Database is growing faster than expected
Section titled “Database is growing faster than expected”Symptom. The PostgreSQL volume is approaching capacity.
Check 1. Evidence in database storage. If you are running with STORAGE_PROVIDER=database and evidence volume has grown, the database size is dominated by evidence. Migrate to object storage (see Evidence Storage).
Check 2. Webhook delivery log retention. WEBHOOK_DELIVERY_RETENTION_DAYS controls how long delivery logs are kept. Reduce the value if your volume is high and the retention is not required for audit.
Check 3. Audit log retention. AUDIT_LOG_RETENTION_DAYS controls audit log size. Reduce cautiously; the audit log is part of your compliance evidence.

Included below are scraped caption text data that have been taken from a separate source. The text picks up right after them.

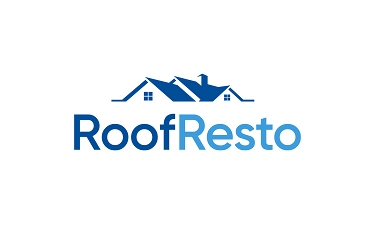 RoofResto.com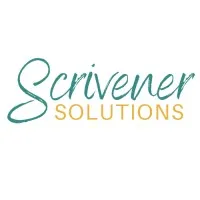 Scrivener Solutions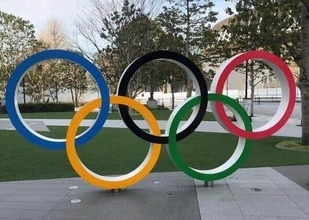 【ワイドショー通信簿】石原良純「IOCってなんなんだろう」　バッハ会長歓迎会へ漂う違和感（モーニングショー）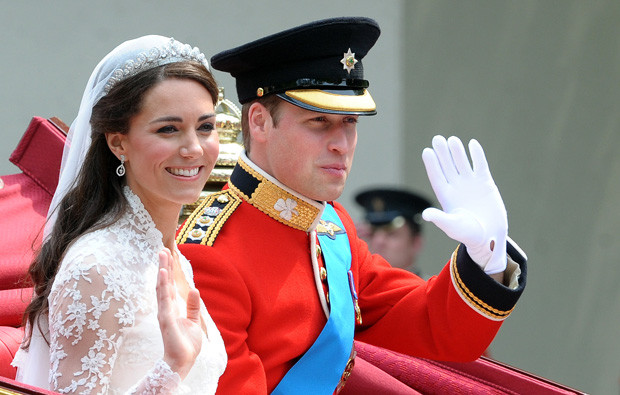 Kate e William.jpg
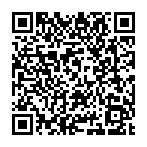 西港農地-QR CODE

Check 4. Vacuum. Run VACUUM ANALYZE; if the database has not been vacuumed recently. PostgreSQL’s autovacuum handles most of this, but long running transactions can prevent reclamation.
”Permission denied” on an action the user should have
Section titled “”Permission denied” on an action the user should have”Symptom. A user reports a permission error on an action their role should allow.
Check 1. Permission keys, not role names. Assessors Studio checks permission keys directly. If a custom role is missing a specific permission, the action fails even if the role seems comprehensive. Open the role in the admin UI and confirm the specific permission is granted.
Check 2. Group scoping. The user may have the permission but not the scope. If the record belongs to a group and the user is not in that group, the action is denied. Add the user to the group or remove the scope on the record.
Check 3. Session staleness. A permission change does not affect existing sessions until they refresh. Ask the user to sign out and back in.
Performance has degraded
Section titled “Performance has degraded”Symptom. Latency has increased across the board; nothing has visibly changed.
Check 1. Database statistics. Outdated statistics cause the query planner to pick poor plans. Run ANALYZE; on a PostgreSQL installation and compare.
Check 2. Evidence growth. If you are on database storage and evidence is large, the database may be thrashing its cache. Move to object storage.
Check 3. Event loop lag. Check cdxa_nodejs_eventloop_lag_seconds on the metrics endpoint. Sustained lag points to a synchronous operation in a hot path; review recent code changes.
Check 4. Noisy neighbor. On a shared host, another tenant may be consuming the resources. Check host level CPU, memory, and IO; move the container if necessary.
”It was working yesterday”
Section titled “”It was working yesterday””The two most common changes that surface as mysterious problems a day later are:
Certificate rotation. An identity provider, a reverse proxy, or a database TLS certificate has been rotated overnight and the new certificate is not trusted. Check the certificate expiry on each connection.
Credential rotation. A service credential (SMTP password, S3 access key, webhook secret) has been rotated and the new value has not reached the container. Check that the credential in the container matches the live credential at the provider.